Walmart Closing Matteson Fulfillment Center, Affecting 111 Workers in May
111 Matteson fulfillment center associates have until May 29 to claim a $7,500 transfer incentive before Walmart's ORD facility closes for good.

A $7,500 transfer incentive is on the table for the 111 associates at Walmart's Matteson fulfillment center, but the clock on their transition window is already running. The company filed a Worker Adjustment and Retraining Notification dated March 27, 2026, confirming that the ORD facility at 21430 S. Cicero Ave. in Matteson, Illinois, will permanently close on May 29, 2026.
The WARN filing triggers federal notice protections and opens a 90-day transition period during which Walmart is offering affected associates internal placement at other open facilities in its fulfillment network. Associates who accept a transfer qualify for the $7,500 incentive, and those relocating more than 50 miles from their current location can access additional relocation support. Roles at receiving facilities also come with on-the-job training tied to advanced fulfillment technology, which matters for associates trying to protect long-term earnings in a network that is increasingly automated.
For anyone working at the Matteson site, the first steps are concrete: confirm whether your role is listed in the WARN, verify your eligibility for the paid transition period, and check the company's career portal and Associate Support Center for active transfer postings. The $7,500 incentive is significant but worth clarifying with HR upfront, specifically its taxable treatment and the timing of when it pays out, since those details directly affect how much of the money lands in a paycheck versus going to taxes.
The Matteson closure is a fulfillment center shutdown, not a store closure, which means no Walmart retail locations are directly losing jobs in this action. But associates at stores served by the Matteson ORD facility should expect some short-term disruption. When a fulfillment node goes offline, inventory routing and replenishment patterns shift, and stores that relied on that center's delivery cadence may see temporary gaps in in-stock levels or changes to pickup and delivery windows. Replenishment teams should verify scheduled delivery windows through Wire or their supply channel contact and flag out-of-stock or allocation issues early rather than waiting.

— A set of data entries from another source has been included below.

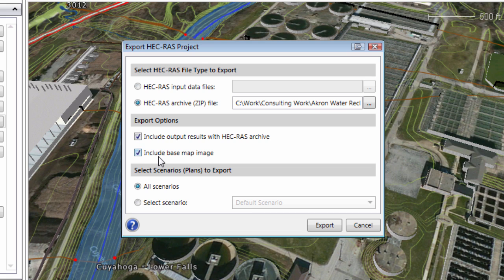Finally, you can also include the background basemap imagery. This will export the same basemap imagery that you have in GeoHEC-RAS exported to HEC-RAS.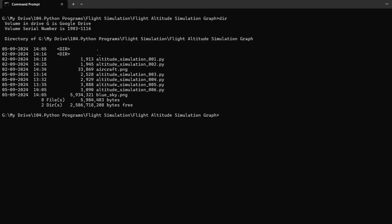Welcome to this step-by-step video, where we'll demonstrate a Python script that simulates the altitude changes of an aircraft.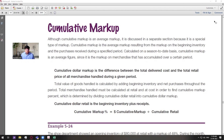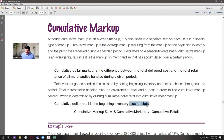Cumulative dollar markup is the difference between total delivered cost and total price of all merchandise handled during a given period. You add up everything and then divide those two from each other because it's an average markup. Cumulative dollar retail is the beginning inventory plus any extra receipts accumulated in the season. The cumulative markup percentage formula is: cumulative markup divided by cumulative retail.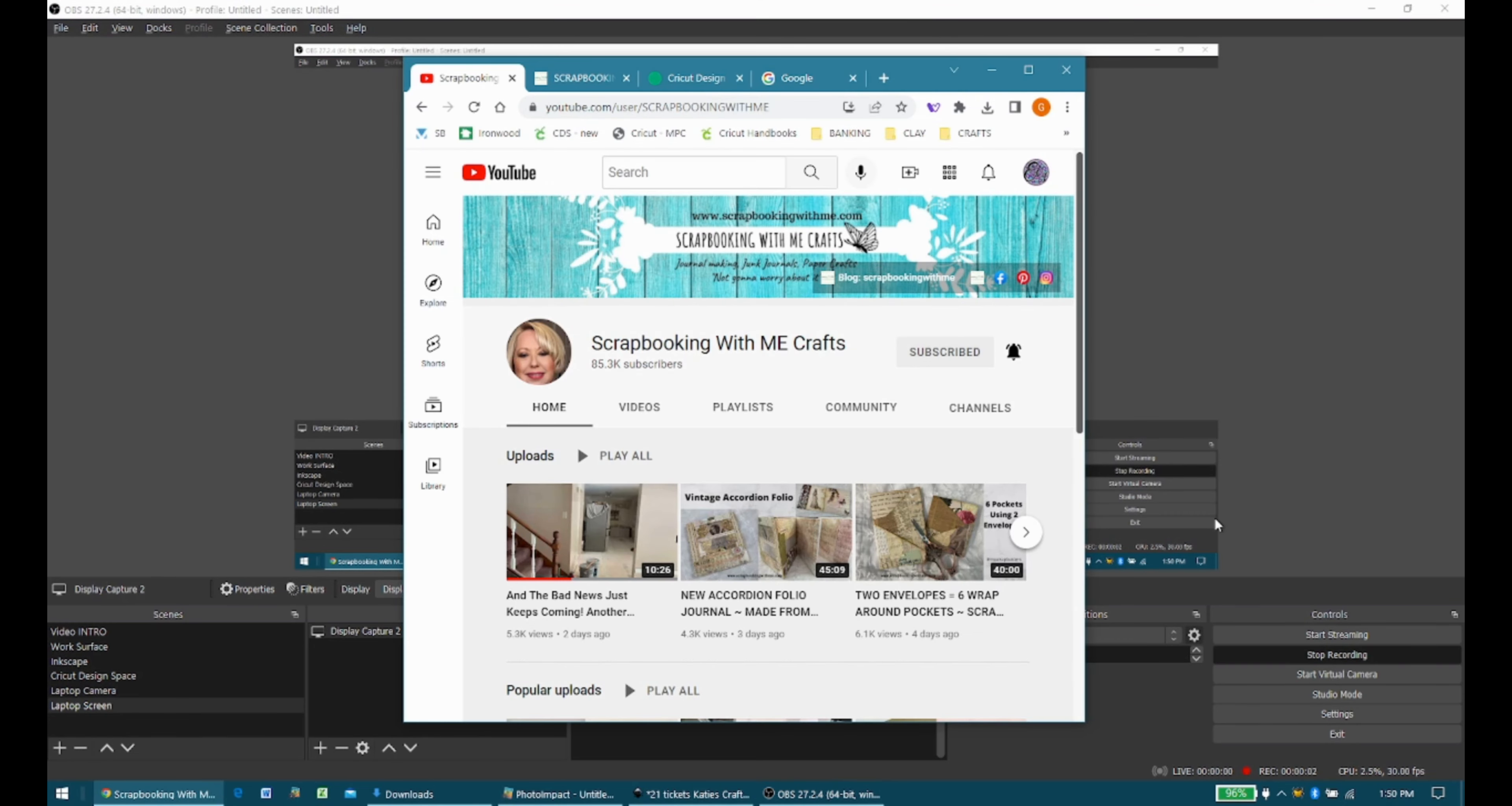Hey everybody, this is Georgiana with Expressions Crafts Studio. I am here today to give you a little tip on one of the ways that I handle some of my freebies, in particular the freebies that I get from scrapbooking with me crafts.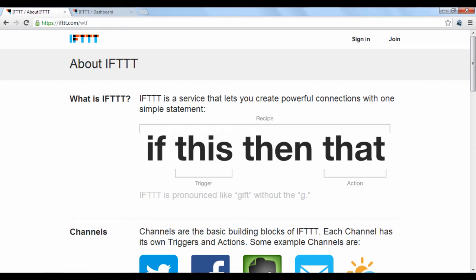IFTTT.com, which stands for If This Then That, is a platform designed to help you perform simple tasks that combine various services around the web.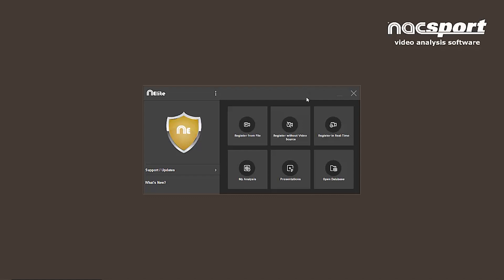Hi there. In this video, we're going to review all the recent changes to the Nacsport interface.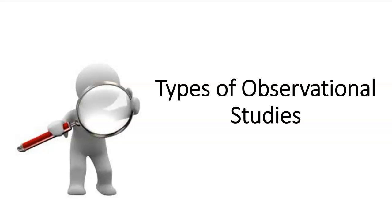Welcome to another video. It's your favorite math professor here, Dr. Tarsie Huber. In this video, we're going to talk about types of observational studies.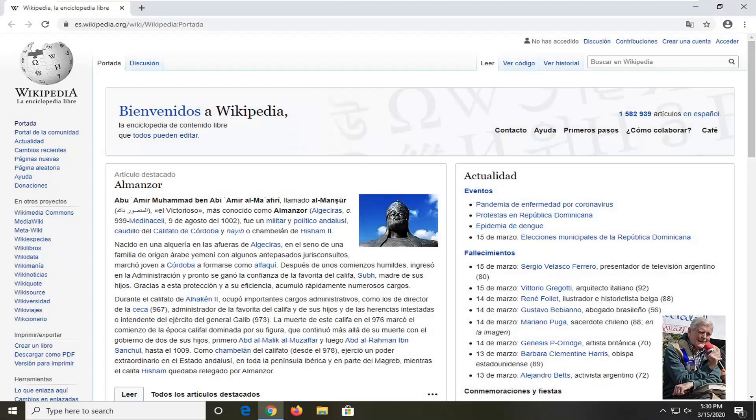Hello everyone, how are you doing? This is MD Tech here with another quick tutorial. In today's tutorial, I'm going to show you guys how to translate a web page using Google Chrome on your computer.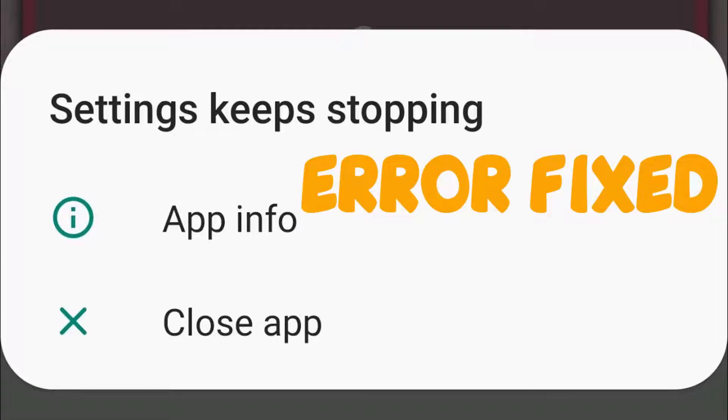Hello YouTube, today I'm going to show you how to fix Settings keeps stopping in your Samsung devices.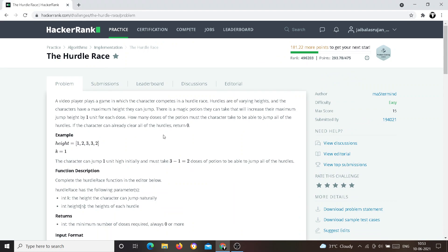Hello guys, welcome back to my channel. In today's video I want to discuss the Hurdle Race problem in HackerRank. There are two major operations included in this problem.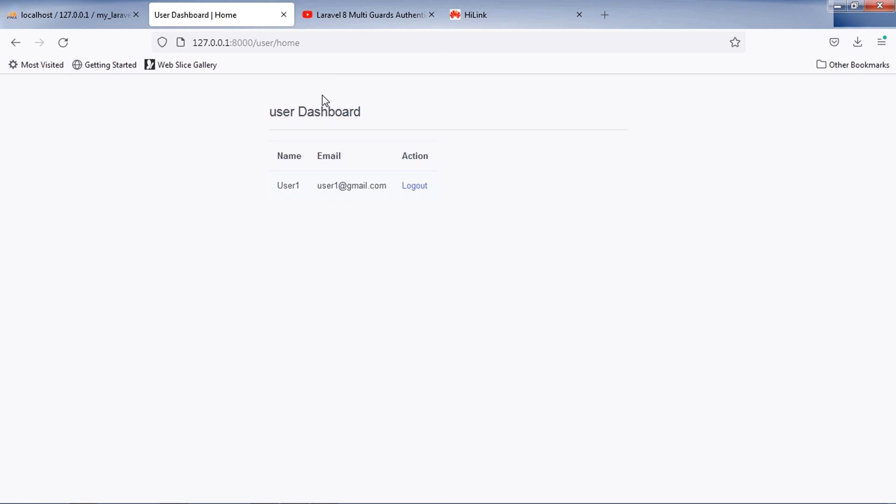Our custom route file for normal users is working fine. Let's test admin routes.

Department managers and assistant managers fielding questions from hourly associates should coordinate with their People Leaders now. The questions that will come, on severance timelines, benefits continuation, and whether an internal job fair is being scheduled locally, all require HR-confirmed answers rather than hallway estimates.
The Matteson filing is part of a broader pattern. Walmart has issued multiple WARN notices as it retools its supply chain around next-generation automated fulfillment infrastructure. Company messaging in similar closures consistently emphasizes transfers and training, but associates in affected facilities report that available roles and relocation timelines vary considerably depending on the local market. That variability makes early engagement with an internal recruiter more valuable than waiting for a formal job fair invitation.
With May 29 as the hard cutoff, associates at 21430 S. Cicero Ave. have roughly 60 days from the filing date to move through transfer options, evaluate relocation support, and secure a landing spot inside the company before separations take effect.